1. The IRS Policy Concerning Repetitive Examinations
An initial consideration is whether or not the taxpayer’s audit violates the IRS’s policy against repetitive examinations. The policy against repetitive examinations applies when the taxpayer has been audited in the past two years, and the audits resulted in essentially no change. If you are a taxpayer who has been audited once in the past two years and your audit resulted in little or no change, then you should raise the repetitive examinations issue with the IRS immediately upon receiving an audit letter from the IRS. In many cases, the audit can be resolved and closed at this very early stage if the requirements of the repetitive examinations policy are met. This is a very useful strategy that can be used to simplify the audit process for the taxpayer.
2. The IRS Policy Concerning Reopening Examinations
The IRS generally does not reopen closed cases. It may occur in rare cases and under very limited circumstances. If the IRS tries to reopen a closed case, the taxpayer or his or her qualified representative should ensure that the IRS is following its own procedures and regulations regarding to reopening closed IRS examinations.
3. Statutes of Limitation Applying to IRS Audits
Another factor that the taxpayer or his or her representative must consider initially when receiving an IRS audit notice is the application of various statutes of limitation governing audits. Generally, the IRS can include returns filed within the last three years in an audit. However, the IRS does have significant leeway to expand an audit to include additional tax years if the examination reveals a need to look into the taxpayer’s tax situation in previous years. At the same time, this right of the IRS to examine additional years but be tempered by an opposing requirement that the examination of the taxpayer’s tax return be reasonable. Internal Revenue Code section 7605(b) states that only one inspection shall be made of a taxpayer’s books of account for each taxable year. IRC 7605(b) also provides that no taxpayer shall be subjected to unnecessary examinations or investigations of his or her tax liability. Consideration of statutes of limitation, as well as any reasonableness arguments that can be made on the taxpayer’s behalf, are an essential component of any IRS audit strategy.
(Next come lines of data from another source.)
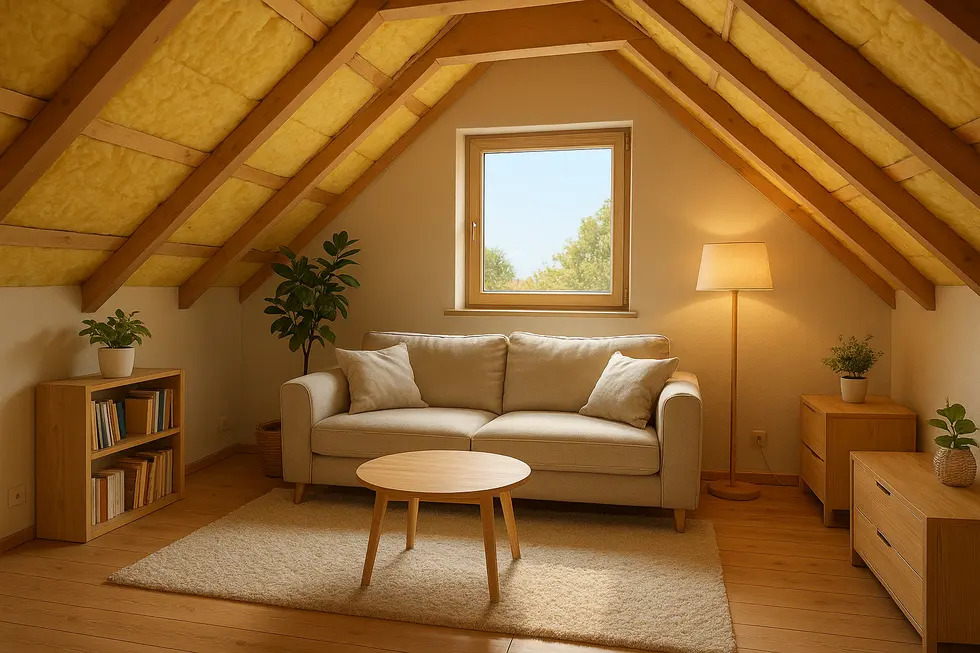 Widok na przytulne, ocieplone poddasze z dobrą izolacją.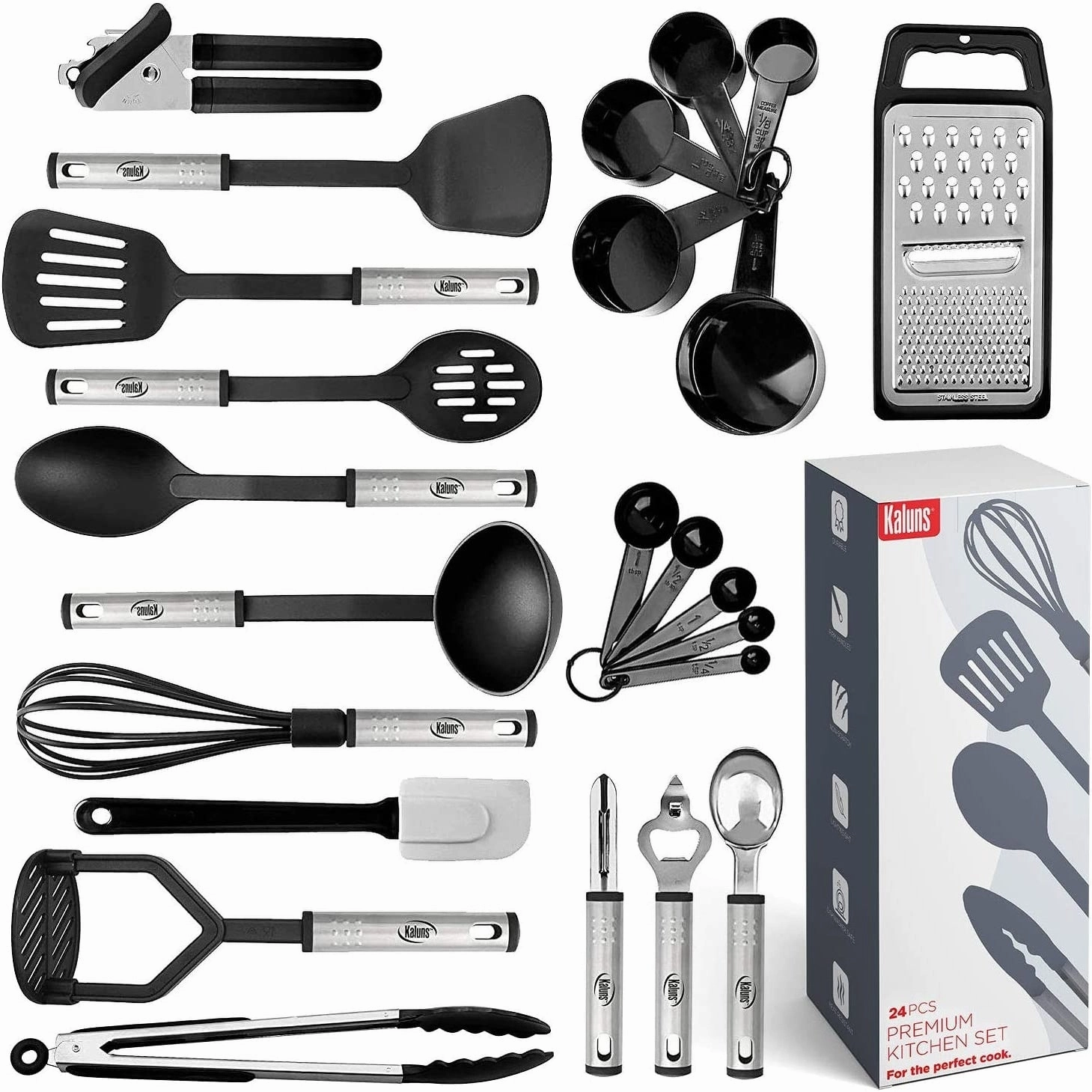 Kitchen Utensil Set, 24 Nylon and Stainless Steel Cooking Utensils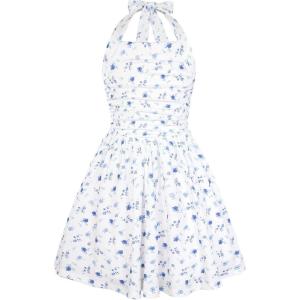 GRACE KARIN Girls Floral Summer Dress Spring Holiday Beach Party Sundress Halter Neck Tie Backless Dresses 7-16 Years(White and Blue Floral)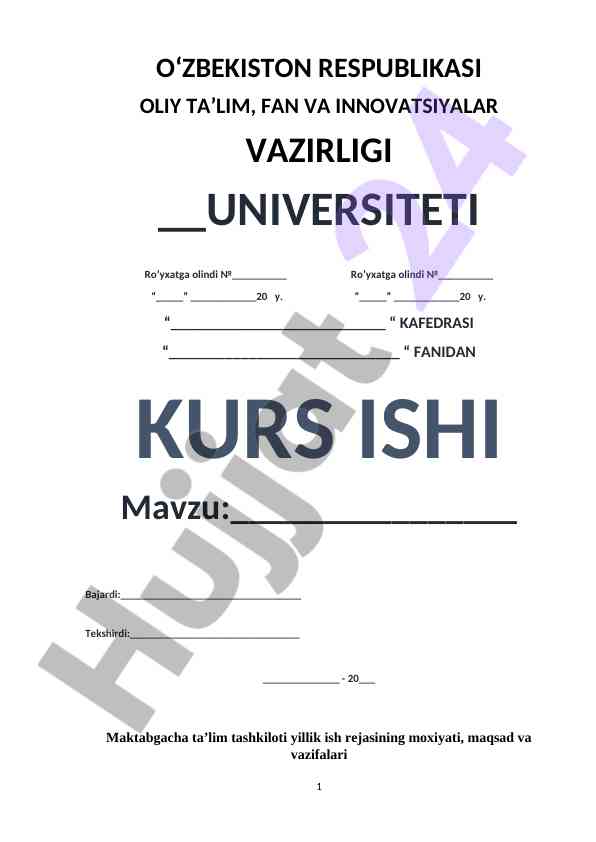 Maktabgacha Ta’lim Tashkiloti Yillik Ish Rejasi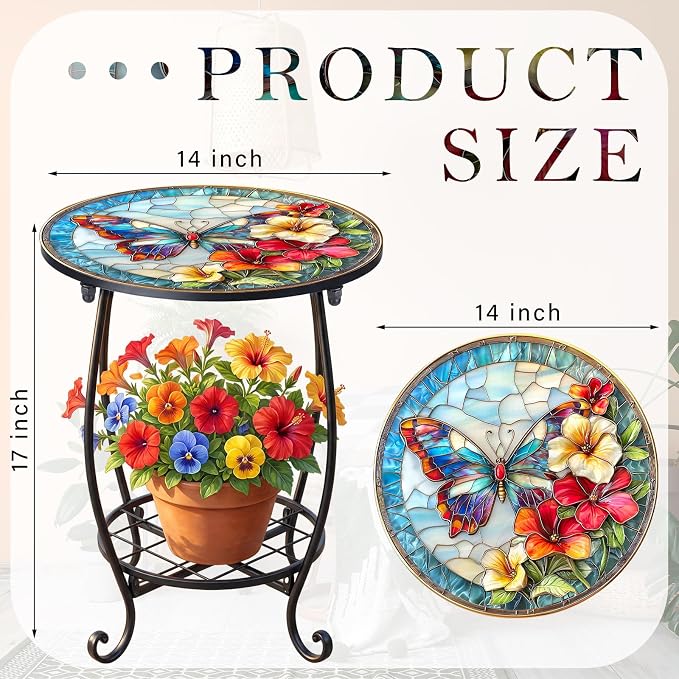 Cinnvoice Outdoor Side Table Round Small Mosaic Patio Accent Indoor End Plant Coffee Tea Table for Yard Patio Porch Garden Living Room, Bedroom(Butterfly C Style,14 Inch)
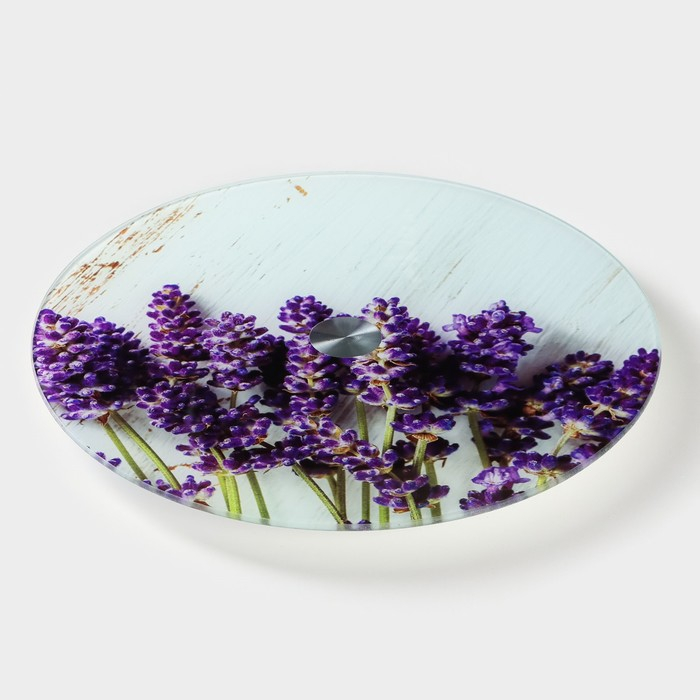 Подставка стеклянная для торта вращающаяся Доляна «Лаванда», d=32 см ㅤ Подставка стеклянная для торта вращающаяся Доляна «Лаванда», d=32 см ㅤ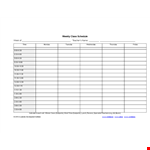 Weekly Class Schedule example document template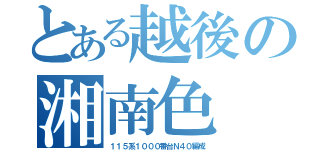 とある越後の湘南色（１１５系１０００番台Ｎ４０編成）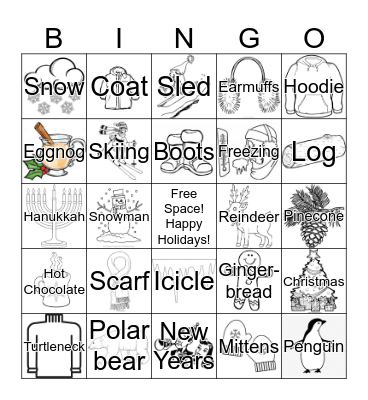 Winter Celebration Bingo Card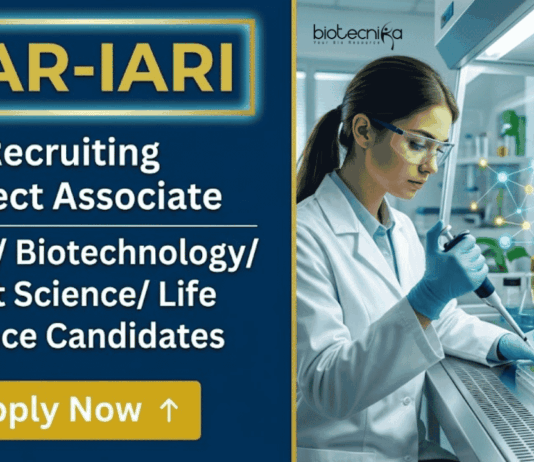 ICAR IARI Recruitment Announced for Project Associate Jobs in Life Sciences Research. Apply Online Before 30 May 2026.
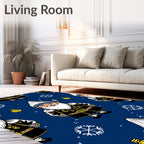 Whimsical Blue Santa Claus Snowflakes Rug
Formulating an Audit Strategy
If the three rules above do not apply to your case and an IRS audit is going to take place, the taxpayer and his or her representative should immediately devise a strong strategy for dealing with specifics of the examination and communicating with IRS personnel. The representative should initially evaluate the taxpayer’s situation and identify any potential weaknesses or exposure points. With regard to exposure points and weaknesses, the representative should then develop a strategy for handling those sensitive and vulnerable aspects of the client’s tax situation. From the taxpayer’s perspective, a realistic attitude and outlook must be established, including the consideration of possible settlement of the audit with the IRS at some point down the road. In serious audits, the representative and taxpayer should also discuss the possibility of tax litigation and prepare potential issues with an eye toward eventual litigation in Tax Court. Often times the best results can be achieved at the appellate level, but only if the appellate officer believes that you will go to Tax Court if necessary to achieve the best result.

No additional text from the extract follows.